Basic Crawler Configuration

Overview

The Fess crawler is a feature that automatically collects content from websites, file systems, and other sources and registers it in the search index. This guide explains the basic concepts and configuration methods for the crawler.

Basic Crawler Concepts

What is a Crawler

A crawler is a program that automatically collects content by following links starting from specified URLs or file paths.

The Fess crawler has the following features:

  • Multi-protocol support: HTTP/HTTPS, file systems, SMB, FTP, etc.

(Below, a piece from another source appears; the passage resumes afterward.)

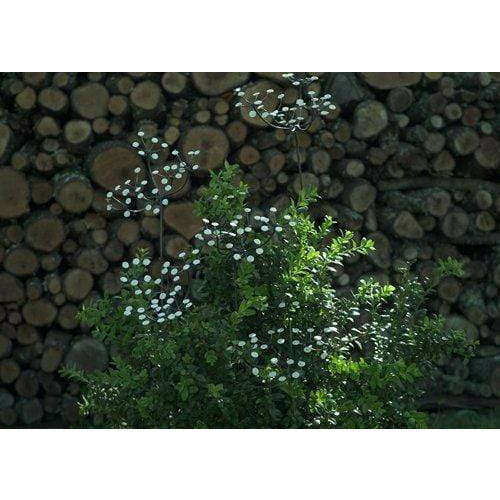 Arrosoir & Persil Ombellifère - Végétal décoratif en métal recyclé 18007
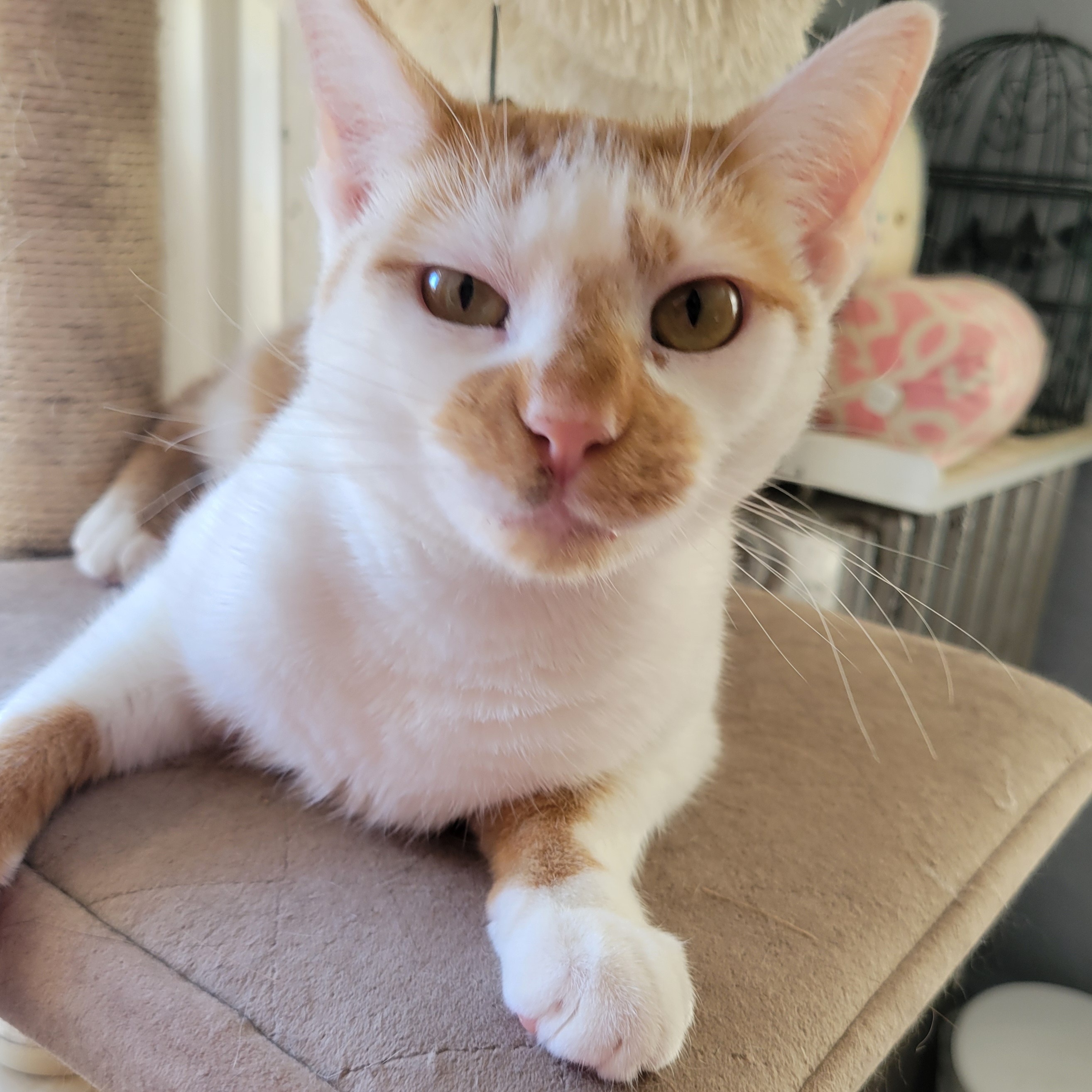 Sir Lawrence Lovey, a Adoptable Domestic Short Hair in Norwich, CT image 2/6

  • Scheduled execution: Periodic automatic crawling

  • Incremental crawling: Updates only changed content

  • Parallel processing: Simultaneous crawling of multiple URLs

  • Robots.txt compliance: Respects robots.txt

Crawler Types

Fess provides the following crawler types depending on the target:

Crawler Types
Type Target Use Case
Web Crawler Websites (HTTP/HTTPS) Public websites, intranet websites
File Crawler File systems, SMB, FTP File servers, shared folders
Data Store Crawler Databases RDB, CSV, JSON, and other data sources

Creating Crawl Configurations

Adding Basic Crawl Configuration

  1. Access the Administration Screen

    Access http://localhost:8080/admin in your browser and log in as administrator.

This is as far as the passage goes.